My 20th high school class reunion didn't make me feel old.

My 40th birthday didn't make me feel old.

The fact that my daughter is now 16 hasn't made me feel old - yet. She doesn't get her driver's license until November. Ask me then.

But today, I felt old.

Oh, it wasn't the commercial I saw for the 25th anniversary DVD of "The Blues Brothers," either, although that came close - I'd seen it in the theater.

It wasn't even the box my wife bought so I'd remember to take my pills every morning.

What made me feel old was something relatively mindless. Something I'd never thought of before.

I was speaking with a few early 20-somethings when I started to stress a point I'd already made. The words I was going to say bounced around my head, danced up and down my synapses and threw so many red flags around the inside of my skull it looked like I was marking buried power cables.

I almost, but didn't, say the following words: "I don't mean to sound like a broken record."

I'm glad I stopped.

These people were in their early 20s. The compact disc is in its early 20s. Had they even seen a record player apart from something a DJ scratched on a VH1 retro rap video? The record was going the way of the 8-track before most of these kids were potty trained.

But it wasn't the fact that an LP was to them what the American League without a designated hitter is to me. I can deal with that. Things change, people are born, I'm old. Big deal.

It was that an accepted cliché of the English language, like "A bird in the hand is worth two in the bush," "I can't trust him as far as I can throw him" and "Beam me up, Scotty" had become obsolete in my lifetime.

Oh, wait.
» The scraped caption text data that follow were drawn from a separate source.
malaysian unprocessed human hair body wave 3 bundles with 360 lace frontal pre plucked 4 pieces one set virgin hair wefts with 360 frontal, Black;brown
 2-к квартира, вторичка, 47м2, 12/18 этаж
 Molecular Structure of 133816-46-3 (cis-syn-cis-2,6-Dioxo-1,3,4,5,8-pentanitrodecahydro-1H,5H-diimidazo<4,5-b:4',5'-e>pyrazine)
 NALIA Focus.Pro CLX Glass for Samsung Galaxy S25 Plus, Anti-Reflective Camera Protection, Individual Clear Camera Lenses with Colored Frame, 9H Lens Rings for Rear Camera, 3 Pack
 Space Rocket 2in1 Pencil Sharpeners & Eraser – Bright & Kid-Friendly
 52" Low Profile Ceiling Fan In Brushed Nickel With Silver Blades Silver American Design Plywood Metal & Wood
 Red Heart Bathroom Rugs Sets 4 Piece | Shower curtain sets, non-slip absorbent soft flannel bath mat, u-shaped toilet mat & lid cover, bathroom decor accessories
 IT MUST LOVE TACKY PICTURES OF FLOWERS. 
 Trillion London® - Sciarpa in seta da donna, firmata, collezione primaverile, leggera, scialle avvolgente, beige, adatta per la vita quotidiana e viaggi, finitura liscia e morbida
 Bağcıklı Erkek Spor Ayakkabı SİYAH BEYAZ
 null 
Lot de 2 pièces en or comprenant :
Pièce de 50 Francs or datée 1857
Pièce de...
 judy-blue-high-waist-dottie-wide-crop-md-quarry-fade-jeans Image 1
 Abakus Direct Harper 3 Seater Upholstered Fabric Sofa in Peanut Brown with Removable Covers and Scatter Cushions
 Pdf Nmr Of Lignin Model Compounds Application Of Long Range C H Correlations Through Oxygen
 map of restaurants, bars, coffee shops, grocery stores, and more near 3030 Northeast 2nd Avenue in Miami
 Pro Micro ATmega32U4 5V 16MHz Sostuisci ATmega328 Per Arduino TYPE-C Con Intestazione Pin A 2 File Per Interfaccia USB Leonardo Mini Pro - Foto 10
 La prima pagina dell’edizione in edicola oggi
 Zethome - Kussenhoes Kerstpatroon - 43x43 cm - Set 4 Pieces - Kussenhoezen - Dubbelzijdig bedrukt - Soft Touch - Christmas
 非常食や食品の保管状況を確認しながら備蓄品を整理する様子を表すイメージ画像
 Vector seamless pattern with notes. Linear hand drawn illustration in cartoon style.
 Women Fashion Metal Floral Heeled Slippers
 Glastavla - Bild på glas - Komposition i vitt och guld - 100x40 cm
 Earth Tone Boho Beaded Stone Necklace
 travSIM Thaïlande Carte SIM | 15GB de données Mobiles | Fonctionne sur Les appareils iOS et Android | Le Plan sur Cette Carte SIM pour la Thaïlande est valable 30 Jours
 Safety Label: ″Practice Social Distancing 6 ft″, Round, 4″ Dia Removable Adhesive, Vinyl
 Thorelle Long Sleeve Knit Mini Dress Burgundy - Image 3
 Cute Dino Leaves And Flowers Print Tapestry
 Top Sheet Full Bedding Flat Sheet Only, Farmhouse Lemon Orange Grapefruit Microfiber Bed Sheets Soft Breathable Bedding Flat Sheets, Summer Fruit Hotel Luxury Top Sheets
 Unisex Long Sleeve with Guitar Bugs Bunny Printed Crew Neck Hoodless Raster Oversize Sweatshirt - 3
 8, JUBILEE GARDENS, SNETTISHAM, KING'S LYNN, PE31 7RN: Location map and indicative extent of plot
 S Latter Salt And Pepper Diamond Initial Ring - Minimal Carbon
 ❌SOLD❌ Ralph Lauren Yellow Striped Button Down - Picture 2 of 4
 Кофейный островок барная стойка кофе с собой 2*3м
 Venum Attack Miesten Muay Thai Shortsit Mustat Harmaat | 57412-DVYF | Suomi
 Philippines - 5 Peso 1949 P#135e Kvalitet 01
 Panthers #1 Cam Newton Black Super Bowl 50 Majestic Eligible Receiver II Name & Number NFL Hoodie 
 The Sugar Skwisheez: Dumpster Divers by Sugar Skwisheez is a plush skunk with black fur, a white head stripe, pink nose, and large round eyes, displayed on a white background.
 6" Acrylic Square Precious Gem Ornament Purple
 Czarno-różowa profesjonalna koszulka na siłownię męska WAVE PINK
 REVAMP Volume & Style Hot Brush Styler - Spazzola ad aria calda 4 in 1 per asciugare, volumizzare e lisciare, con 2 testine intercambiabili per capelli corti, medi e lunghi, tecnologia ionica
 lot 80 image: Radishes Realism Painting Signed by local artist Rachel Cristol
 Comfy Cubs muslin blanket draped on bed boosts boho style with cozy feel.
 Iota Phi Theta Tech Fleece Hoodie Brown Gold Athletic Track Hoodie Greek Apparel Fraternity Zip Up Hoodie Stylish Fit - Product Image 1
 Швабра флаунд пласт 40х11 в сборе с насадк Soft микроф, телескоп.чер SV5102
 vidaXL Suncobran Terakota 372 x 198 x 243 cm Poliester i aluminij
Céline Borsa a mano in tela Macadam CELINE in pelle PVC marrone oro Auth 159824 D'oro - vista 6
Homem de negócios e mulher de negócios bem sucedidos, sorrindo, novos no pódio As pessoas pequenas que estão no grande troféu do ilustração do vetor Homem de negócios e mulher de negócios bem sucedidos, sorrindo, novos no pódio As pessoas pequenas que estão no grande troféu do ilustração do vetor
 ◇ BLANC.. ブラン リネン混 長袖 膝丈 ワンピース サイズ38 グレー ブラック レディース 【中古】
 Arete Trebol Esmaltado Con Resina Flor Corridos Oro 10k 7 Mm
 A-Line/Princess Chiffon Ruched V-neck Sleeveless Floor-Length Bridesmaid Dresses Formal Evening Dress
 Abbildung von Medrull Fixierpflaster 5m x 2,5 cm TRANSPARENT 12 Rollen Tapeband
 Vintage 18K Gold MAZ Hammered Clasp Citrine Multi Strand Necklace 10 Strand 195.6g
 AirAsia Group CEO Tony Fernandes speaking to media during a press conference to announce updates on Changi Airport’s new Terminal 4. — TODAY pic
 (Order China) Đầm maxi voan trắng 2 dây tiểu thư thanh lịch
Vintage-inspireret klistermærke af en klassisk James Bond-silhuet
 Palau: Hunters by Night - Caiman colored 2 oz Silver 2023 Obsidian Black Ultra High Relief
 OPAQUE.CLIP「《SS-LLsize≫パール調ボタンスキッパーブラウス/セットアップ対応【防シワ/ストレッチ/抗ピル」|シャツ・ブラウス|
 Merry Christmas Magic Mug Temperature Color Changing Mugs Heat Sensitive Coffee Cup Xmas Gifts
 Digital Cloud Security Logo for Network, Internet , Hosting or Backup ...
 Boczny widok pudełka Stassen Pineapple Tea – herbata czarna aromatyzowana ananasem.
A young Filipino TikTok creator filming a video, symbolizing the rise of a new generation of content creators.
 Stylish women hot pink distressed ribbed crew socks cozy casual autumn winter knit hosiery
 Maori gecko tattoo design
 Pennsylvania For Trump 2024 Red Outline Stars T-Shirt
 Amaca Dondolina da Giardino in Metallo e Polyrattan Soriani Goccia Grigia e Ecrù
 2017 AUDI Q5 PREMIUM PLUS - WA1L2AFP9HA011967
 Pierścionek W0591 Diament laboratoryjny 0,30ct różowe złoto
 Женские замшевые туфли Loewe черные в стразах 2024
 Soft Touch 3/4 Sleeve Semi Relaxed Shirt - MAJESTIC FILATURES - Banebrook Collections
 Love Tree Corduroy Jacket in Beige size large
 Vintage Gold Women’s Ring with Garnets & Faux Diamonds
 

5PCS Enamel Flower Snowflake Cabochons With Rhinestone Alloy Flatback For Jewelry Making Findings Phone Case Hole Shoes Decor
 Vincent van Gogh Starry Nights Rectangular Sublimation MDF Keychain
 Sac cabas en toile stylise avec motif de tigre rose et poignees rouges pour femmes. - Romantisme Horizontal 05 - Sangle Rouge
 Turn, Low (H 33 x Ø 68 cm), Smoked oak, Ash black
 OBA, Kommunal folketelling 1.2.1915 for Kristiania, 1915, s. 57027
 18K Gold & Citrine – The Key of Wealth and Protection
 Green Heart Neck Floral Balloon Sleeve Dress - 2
Is "Beam me up, Scotty" obsolete?

No?

Then God bless reruns and geek parents.

But unless these kids grew up with their grandparents, they won't know that a record stylus skips if it hits a scratch, bounces back, and whatever had just played will play again and again and again until somebody lifts the stylus out of the groove.

If they don't know how a broken record behaves, then "sound like a broken record" has been rendered meaningless to all future generations.

That made me think, what other clichés that made sense to me growing up, were now useless?

"The sky's the limit" is a fine candidate.

We go or send things into outer space all the time, so, the sky's not the limit anymore.

Yeah, it's that kind of stuff that makes me feel old.

And I don't think my 25th high school reunion is going to make me feel any better.